--- Provided records ---

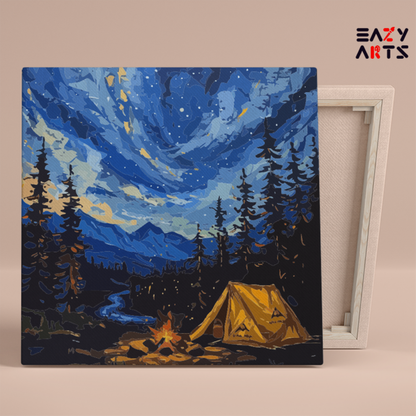 DIY Paint by numbers kit - Starry Night Camping Paint by Numbers Kit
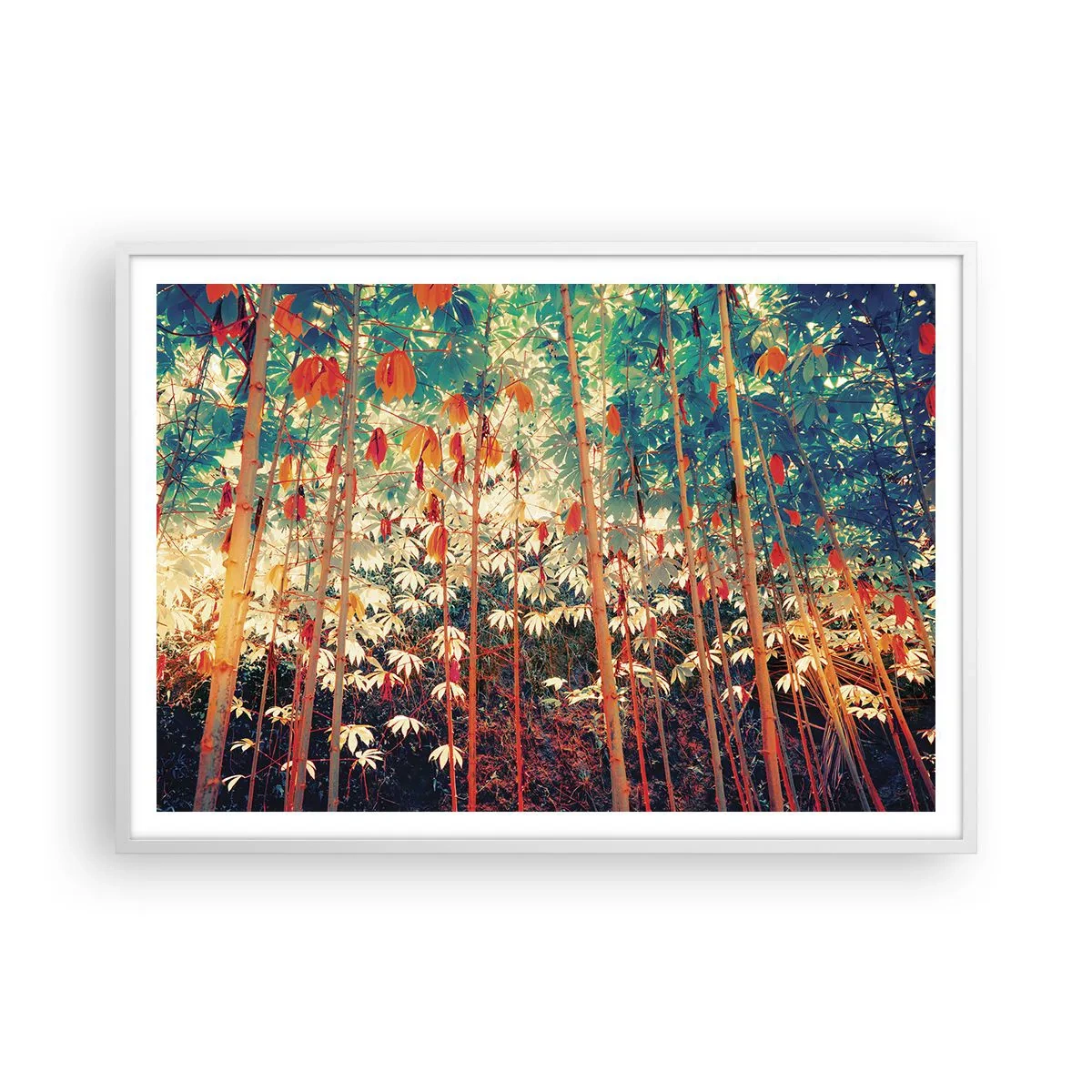Plakát v bílém rámu - Tajný život listů - 100x70 cm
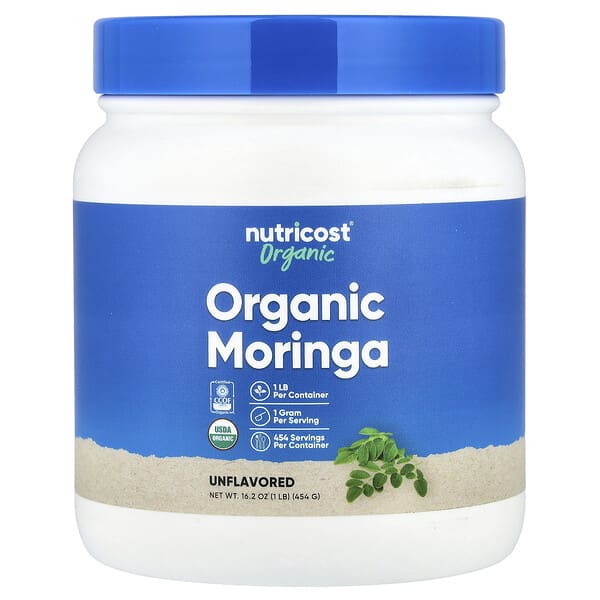 Nutricost, Organic Moringa, Unflavored, 16.2 oz (454 g) — product photo 1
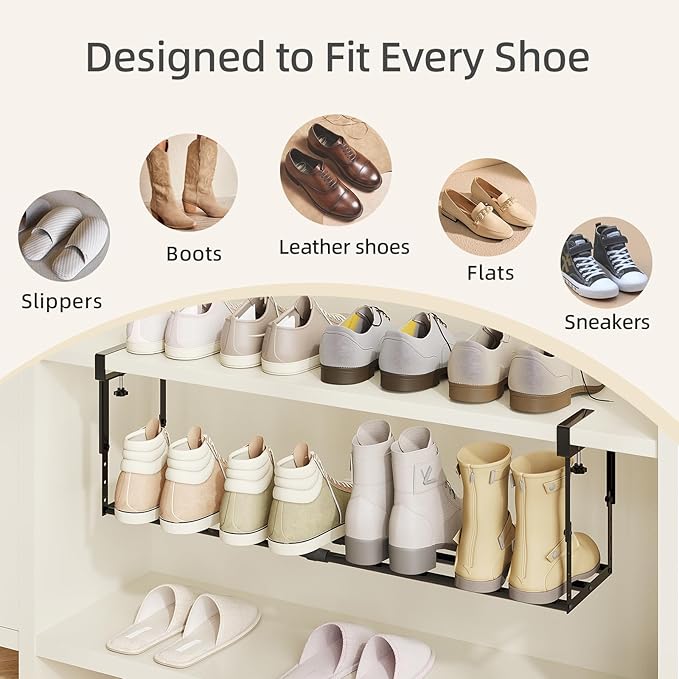 Expandable Shoe Rack Organizer for Cabinet, Adjustable Hanging Under Shelf Storage, Sturdy Round Tube Design, Space Saving Shoe Shelf for Closet, Entryway, Laundry Room, Black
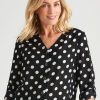 Tops NoniB | Noni B Collarless Print Shirt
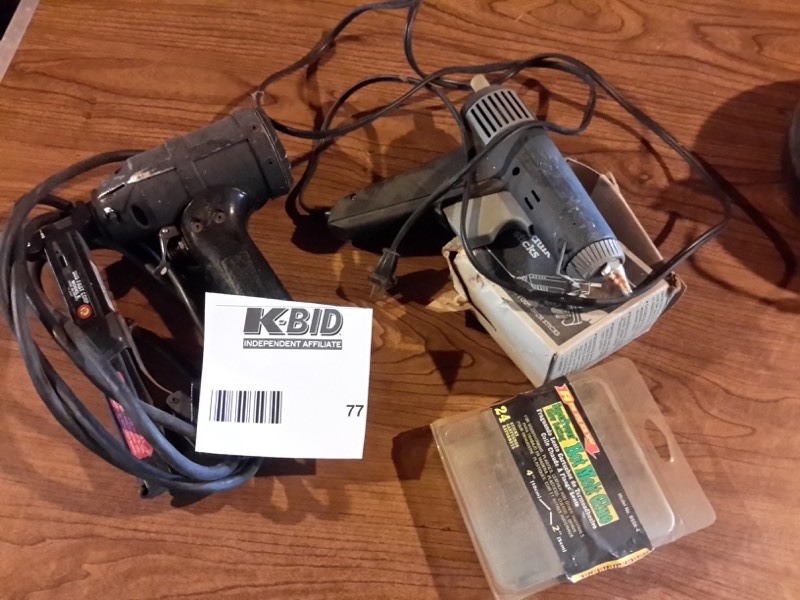 lot 77 image: Electric Stapler and Electric HOT Glue Gun.. 2 packages of Glue
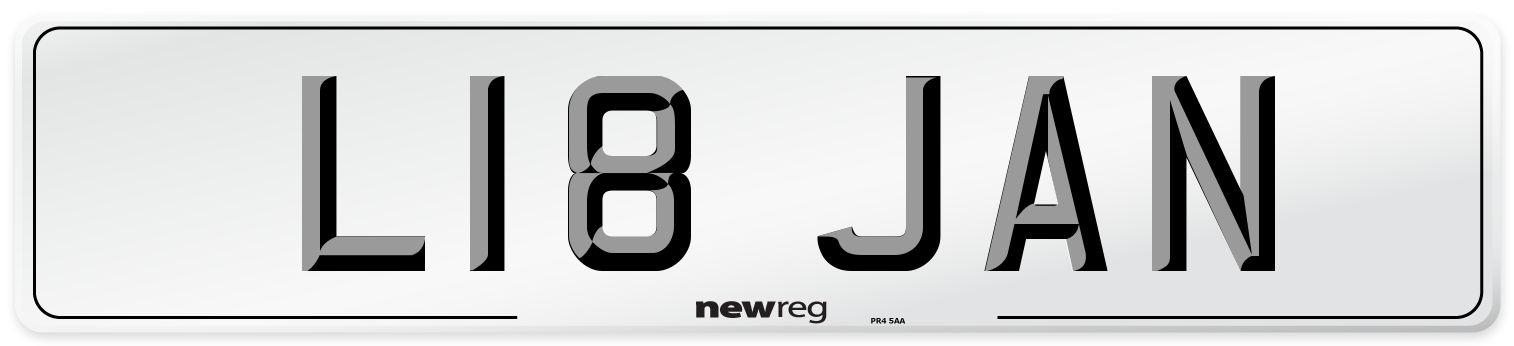 L18 JAN Front Number Plate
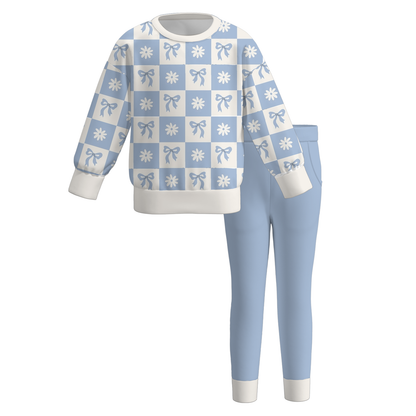 Girls Fall Winter Cute Printed Long Sleeve Outfit Set – Floral Cow Bow Striped Sweatshirt & Pants 2-Piece Set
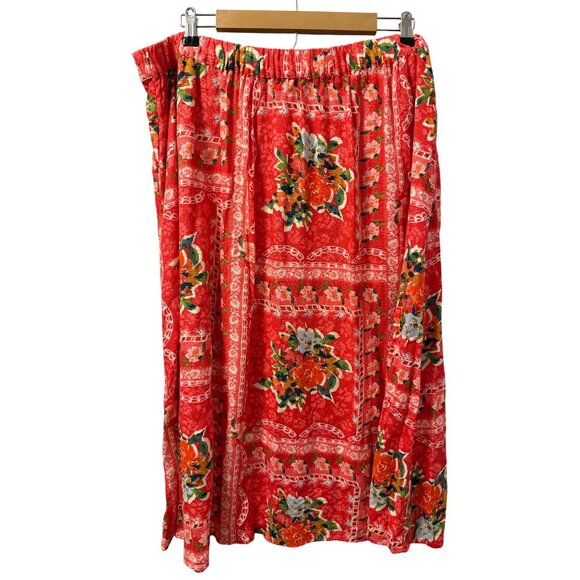 Lauren Conrad Sz XXL Floral Print Skirt Rayon & Linen Blend Elastic Waist Skirt - Picture 8 of 12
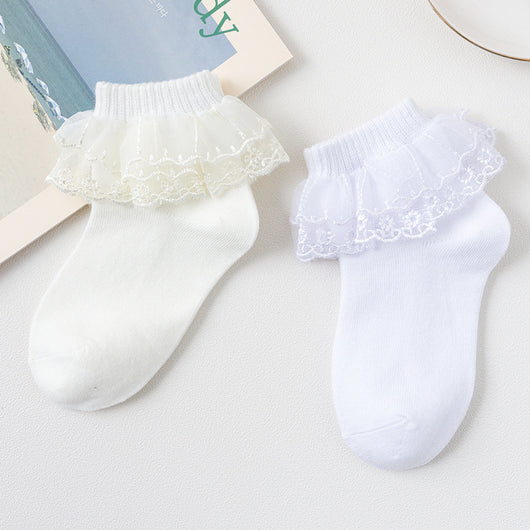 Calcetines de Tubo Medio Invierno con Encaje Satinado para Danza - Image 8
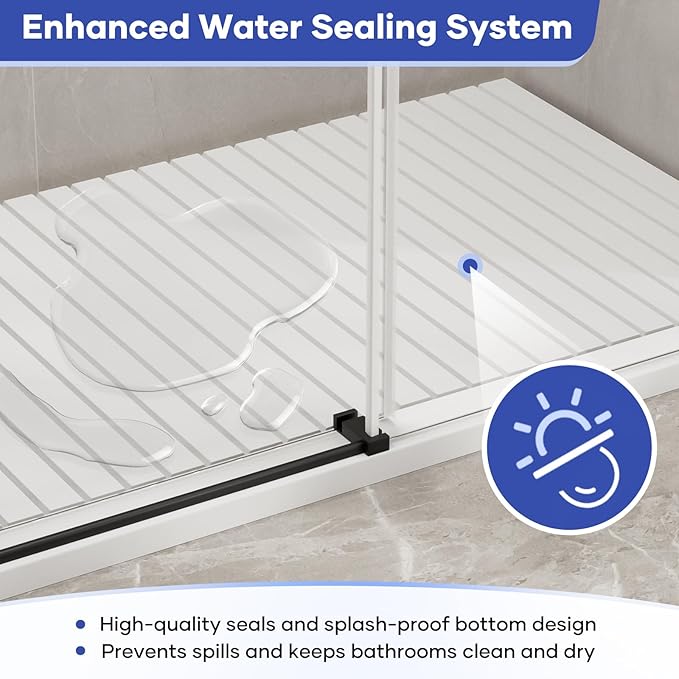 Venice Frameless Shower Door 60 in W x 74 in H,5/16"(8mm) Clear Tempered Glass Door, Bathroom Shower Door with 18 inch Pull Handle, Stainless Steel Hardware Black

---

_Work request_
Begin with the line that contains "Lauren Conrad Sz" and repeat every line through the end of the data, exactly and only those lines, leaving out the pictures.

_Solution for this problem_
 Lauren Conrad Sz XXL Floral Print Skirt Rayon & Linen Blend Elastic Waist Skirt - Picture 8 of 12
 Calcetines de Tubo Medio Invierno con Encaje Satinado para Danza - Image 8
 Venice Frameless Shower Door 60 in W x 74 in H,5/16"(8mm) Clear Tempered Glass Door, Bathroom Shower Door with 18 inch Pull Handle, Stainless Steel Hardware Black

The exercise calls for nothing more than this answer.